» Try it: Give back word for word every line from the one that includes "Nike Vomero 18" through the last line of the listing, and nothing besides.

» Data shown:

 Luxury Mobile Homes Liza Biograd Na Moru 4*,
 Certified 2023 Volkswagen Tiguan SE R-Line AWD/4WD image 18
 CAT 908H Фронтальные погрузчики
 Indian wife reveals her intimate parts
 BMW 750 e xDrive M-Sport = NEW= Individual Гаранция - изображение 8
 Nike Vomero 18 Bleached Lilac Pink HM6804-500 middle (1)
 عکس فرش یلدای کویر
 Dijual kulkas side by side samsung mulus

» Output of the task:
 Nike Vomero 18 Bleached Lilac Pink HM6804-500 middle (1)
 عکس فرش یلدای کویر
 Dijual kulkas side by side samsung mulus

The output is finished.